Because I’m not quite sure what this book was about, at least in the sense of what the plot might have been. Or even if there is one.

Instead, this is a novel about relationships. And it is also very much a story about secrets, especially the ones where the need for secrecy becomes so ingrained, that we no longer even tell them to ourselves.

The ostensible story is about Lucy’s unexpected extended hospital stay, but it is clearly told from a point much later in her life. And as her thoughts roam over the whole of her life, she hints at memories from her childhood and adolescence.
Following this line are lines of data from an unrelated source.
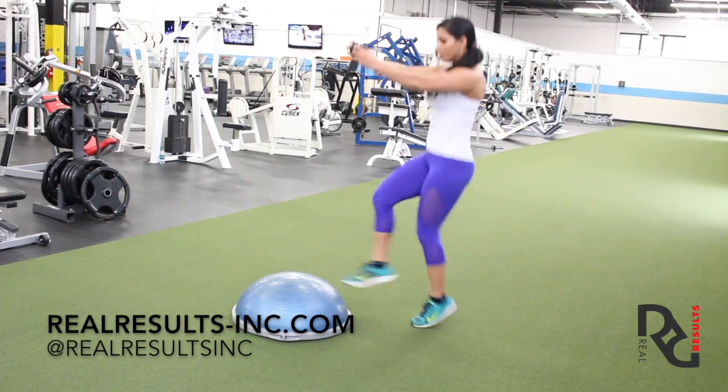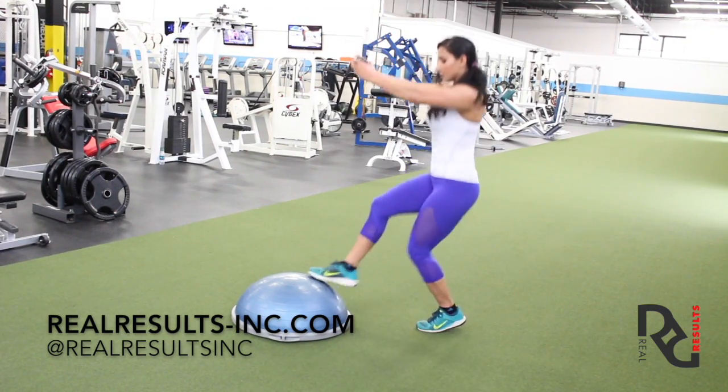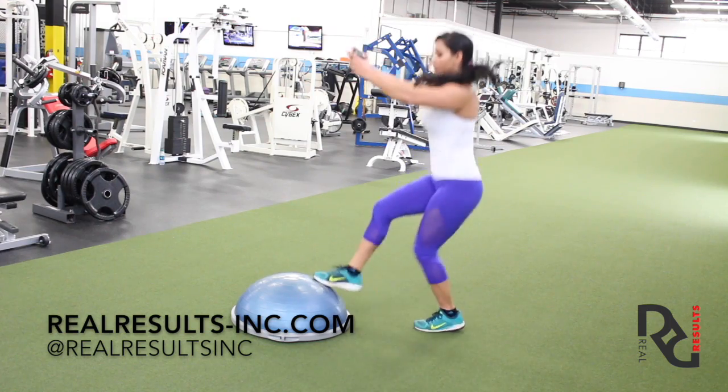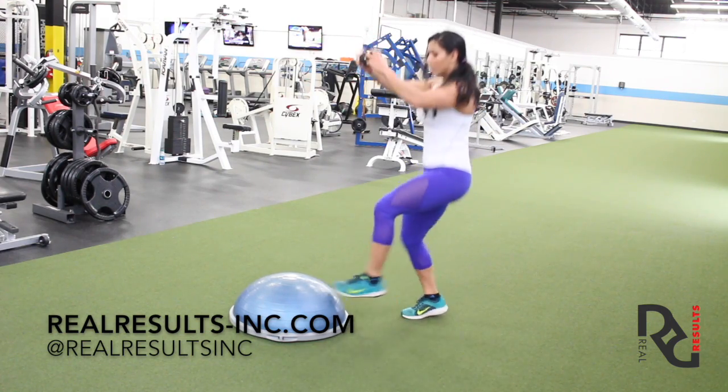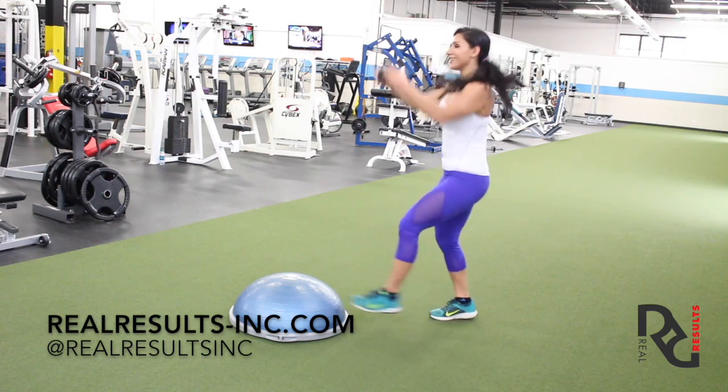For this Bosu toe taps exercise, you can do it with or without a weight. Regardless, your hands are going to stay out in front of you, your toes are just touching the top of the Bosu each time, and you're going to do this as fast as you can comfortably.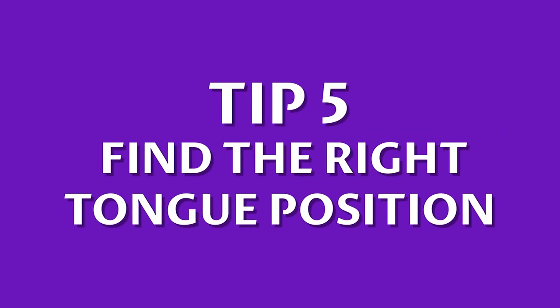Number 5: Find the right tongue position. Many professional musicians and brass players advocate the use of different vowel sounds to achieve better accuracy when playing. Whistling can also help you feel the various vowel sounds and tongue settings.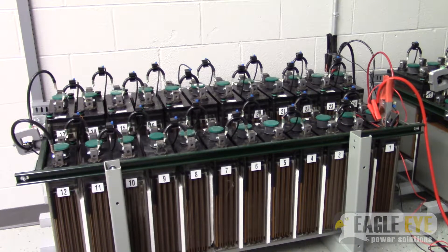Hi, this is Josh with Eagle Eye Power Solutions. This video is a quick tutorial on how to connect an SLB series load bank to a battery bank system.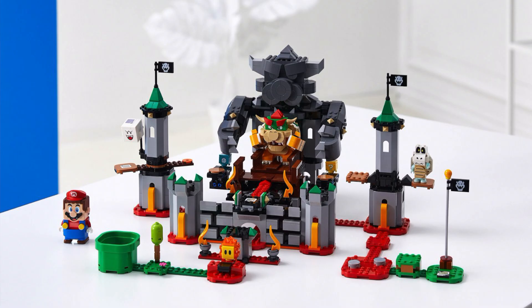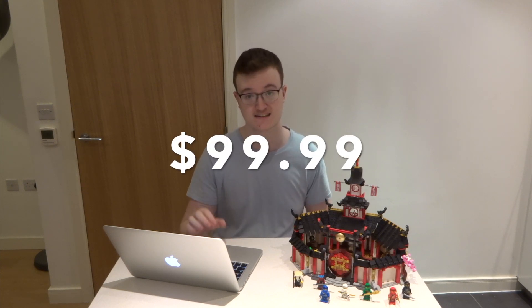And finally we have the big set, called the Bowser's Castle Boss Battle Expansion Set — another mouthful. This set includes a Dry Bones, a Bowser, and a Mario figure, as well as a Ghost and a little flaming guy as well. This set actually is quite impressive — I love the stone Bowser figure seen in the castle behind him. However, this set is also the most pricey, coming in at a whopping $99.99.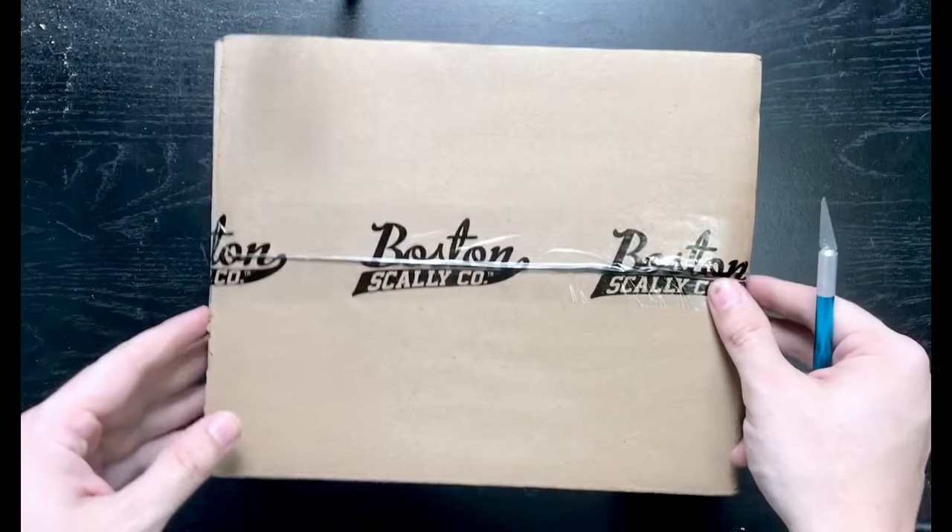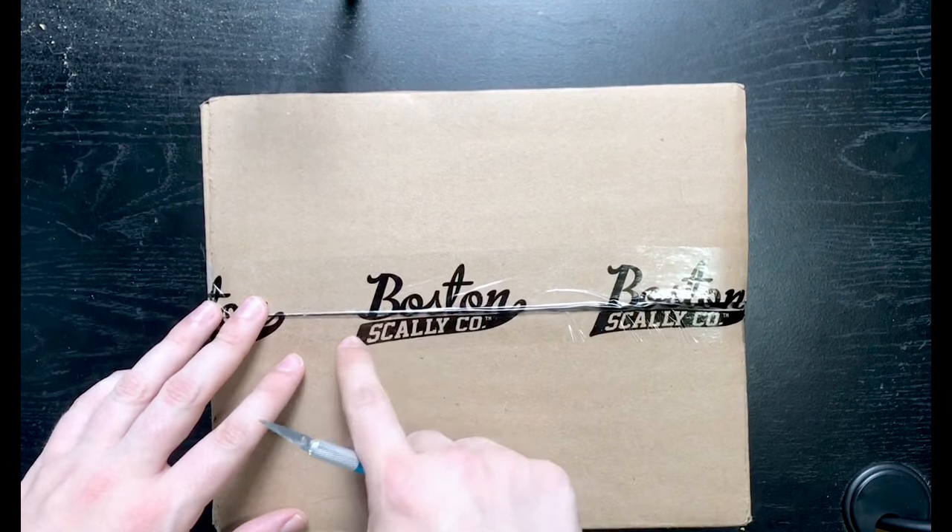I've seen cult followings of these caps where people can't say anything bad about them. I just saw one guy who spent like $20,000–$30,000 just accumulating these caps — absolutely insane. But I wanted to see for myself. This is not a paid advertisement; I bought these with my own money. I don't think Boston Scally sends anybody anything for free, so I'm coming in a little bit biased.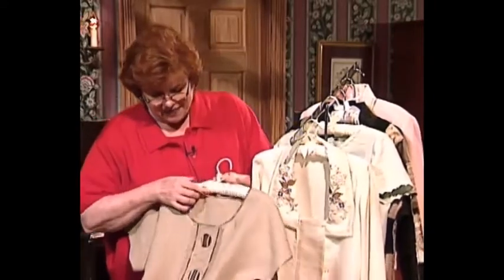Welcome to my sewing room. We have such an exciting show for you today — it's all about wonderful bias bindings, fabulous trims, and of course we always have lots of embellishment.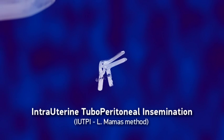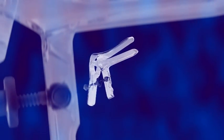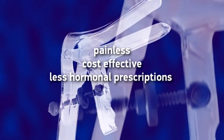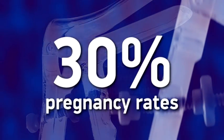Intrauterine tuboperitoneal insemination, IUTPI, Elmamas method, supported by the DNB cervical clamp, is an innovative insemination method — painless, cost-effective, requiring less hormonal prescriptions and very encouraging results, reaching 30% per attempt.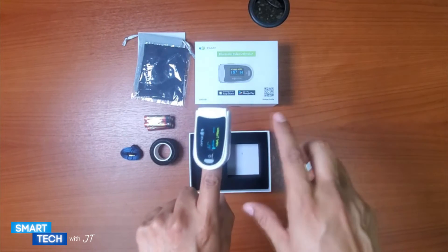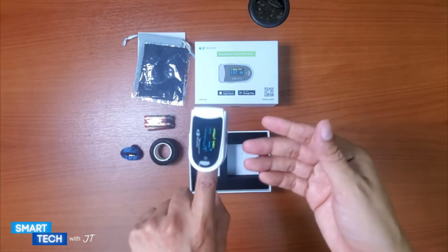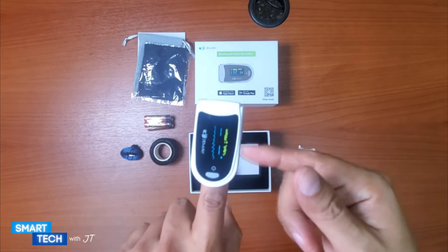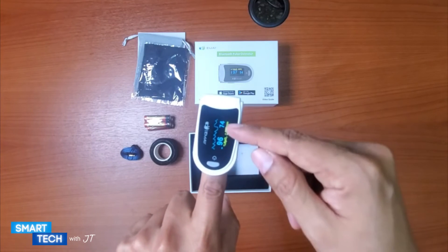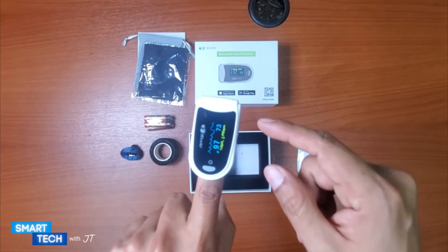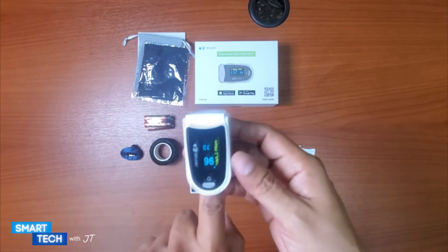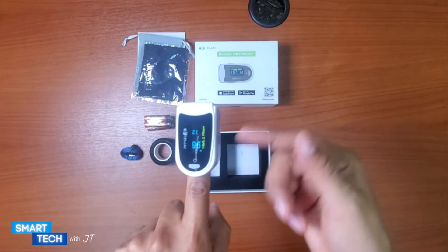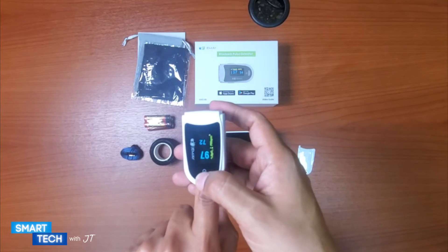You can also export the file in CSV format for further analysis or to share with your doctor. It has an accurate and reliable display, and what I like is that the display flips — it can go either vertically or horizontally, which is a nice little feature. It's compatible with Google Play and the Apple Store.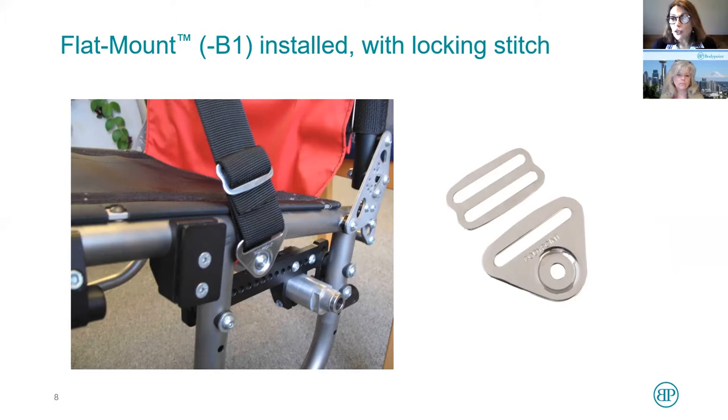Here's a flat mount attached to a wheelchair. You notice that the webbing is threaded through — it threads through the three-bar slide, through the flat mount, and comes back up. But it takes a final pass of the webbing to thread back through in what we call the locking stitch. If you do that, we know that this will pass the ISO standards testing for postural supports, so the client will be perfectly secured in their wheelchair.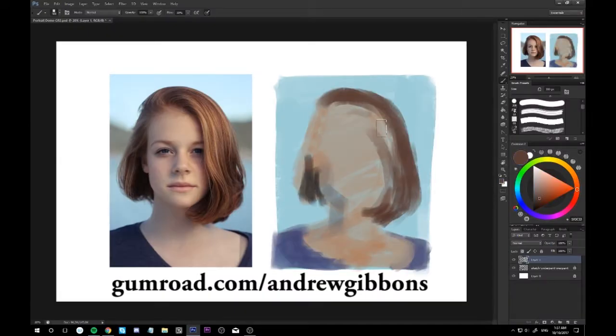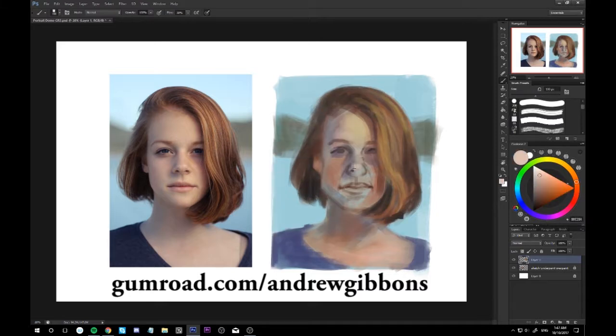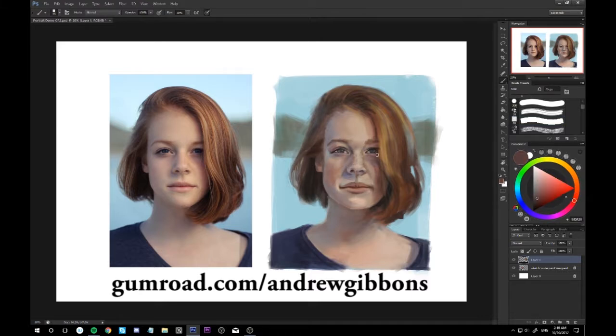Hey there, this is just a little preview for a digital painting process tutorial. I'm going to be talking about going straight into colors when doing portraiture. The tutorial runs for an hour and 44 minutes, it has full commentary and hopefully some useful information for you. So if you want to get some insight into how I went about painting this, you can check out my Gumroad store.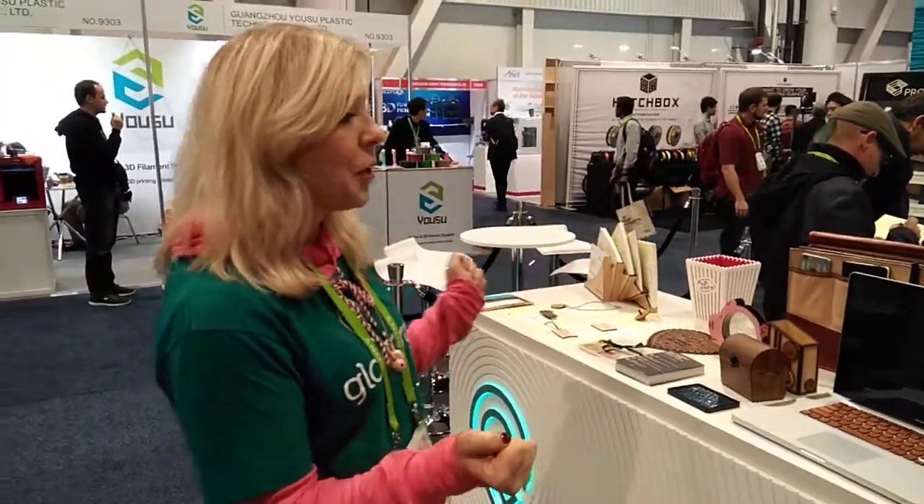Hi, I'm Bailey. I'm with Glowforge, the 3D laser printer. We're here at CES 2018 and just want to give you a glimpse of the Glowforge booth.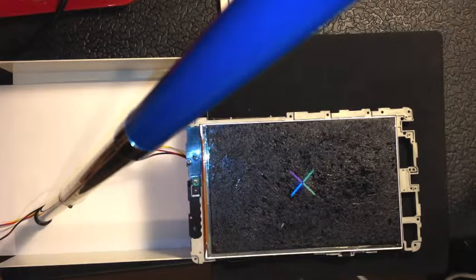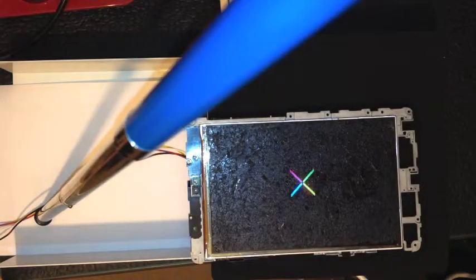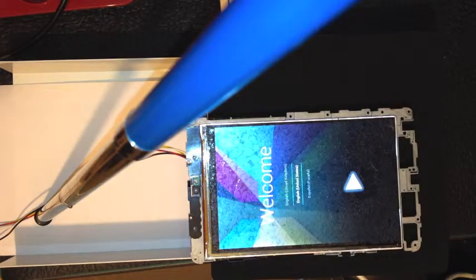It's doing the Google boot, and there we have it — the fully functioning welcome screen. As far as I can tell there's no damaged pixels, although it is covered in this disgusting glue which I'm about to remove.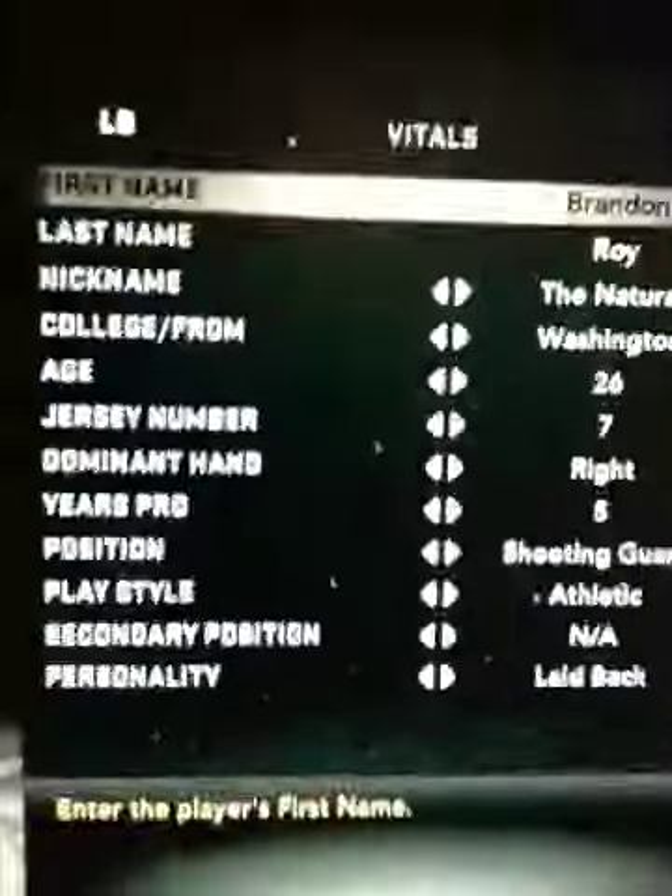Hey guys, this is how to create Brandon Roy. I'm sorry I haven't had a video out in a while, I've been busy, but yeah.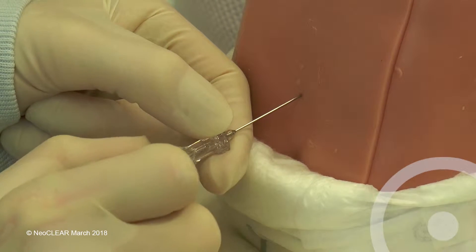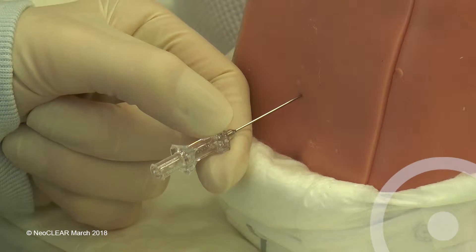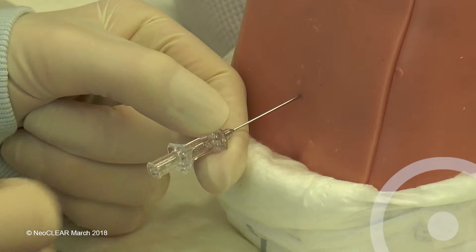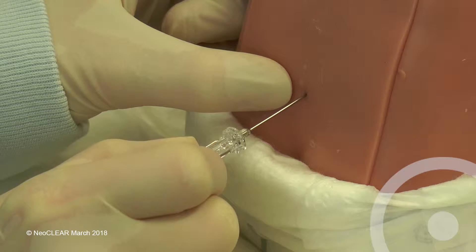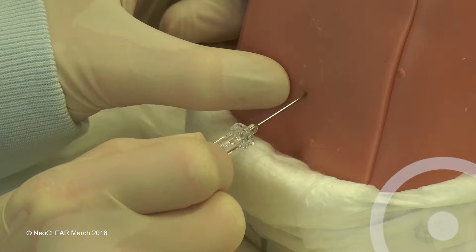For early stylet removal, remove the stylet once the needle is through the skin and subcutaneous tissue. Slowly advance until CSF is seen in the hub of the needle.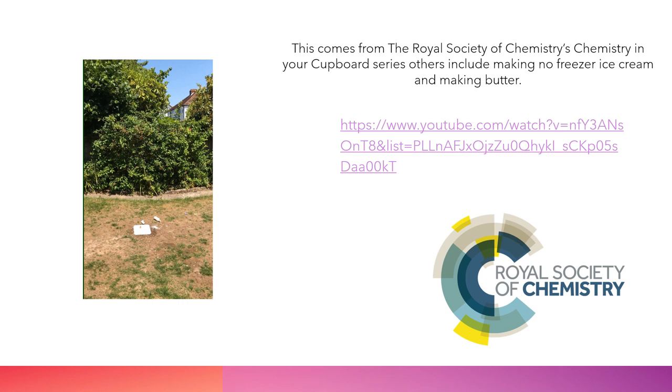If you'd like to know where this idea comes from, it comes from the Royal Society of Chemistry's Chemistry in Your Cupboard series — it's all about using the chemicals you actually have at home. They've got other ideas on there, like making no-freezer ice cream, turning chocolate milk into chocolate ice cream, making butter, and how to make your own colourimeters. I've included the link for you to have a go — so please try something different. Thank you very much.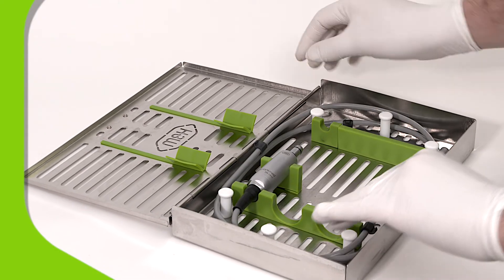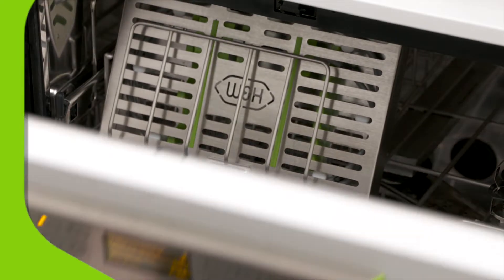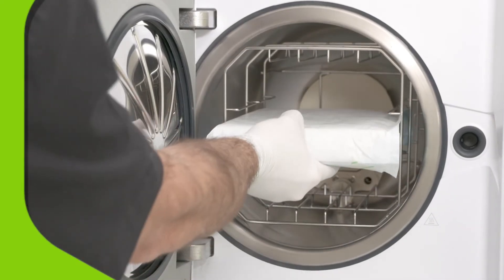And reprocessing couldn't be simpler. All handpieces and cables should be disinfected in a thermowasher and then vacuum sterilized to meet the highest standards of safety.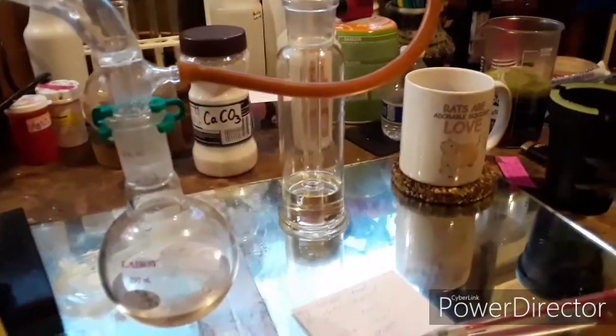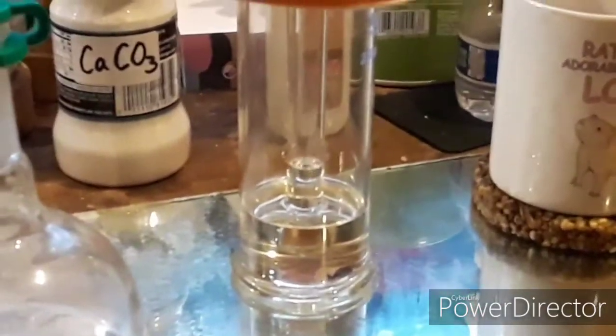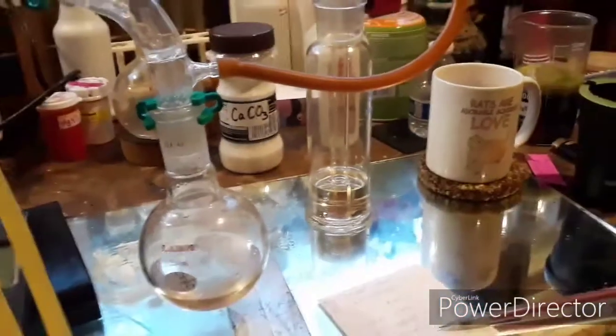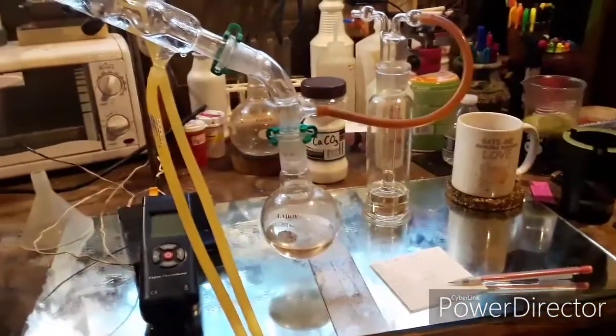Another thing of note: I've got a little wash bottle set up there with a pretty generous amount of 90% sulfuric acid in it. That's to trap any sulfur dioxide that makes it past the condenser — it's bad for the environment and not great for the metal objects in here either.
It’s clear that there was a lot wrong in the Barton household while Lucy was growing up. The family was poverty-stricken, but that wasn’t either the real or the whole of the problem. Sparked by an extremely unexpected visit from the mother she hasn’t seen for years, in the quiet of her own mind Lucy hints at the things that went wrong. But she never speaks of them, not even to herself, at least not in detail.

There’s a monster lurking somewhere in that dim past, but the habit of never revealing that truth, whatever it was, is so ingrained that Lucy doesn’t even let herself think it. Consequently, the reader never does know precisely what happened.

What we do know is that those long ago troubles shaped Lucy’s life, and that her mother’s inability to even touch on those difficulties is part of their estrangement. At the same time, Lucy longs for real connection with her mother. And even though she is terribly grateful that her mother is there for those long, uncertain days in the hospital, Lucy still doesn’t get what she needs.

Escape Rating B-: I finished this, I found it interesting enough to keep turning back to over and over throughout the day, but in the end, it didn’t move me. There was no catharsis, no true ending.

Throughout the story, Lucy hints at terrible secrets, but she never reveals them, even to herself. As a reader, I felt let down at the end. I expected a resolution, or at least a reveal, that never came.

At the same time, part of what kept me coming back was the tenuous relationship between Lucy and her mother, which had some uncomfortable parallels to my own relationship with my mother. And maybe that was the point of the whole story. Not that Lucy tells us what happened to her, but that it makes the reader reach for the resonances in their own story. It’s not what the story gives us, but what we bring to it.

And that’s an uncomfortable thought.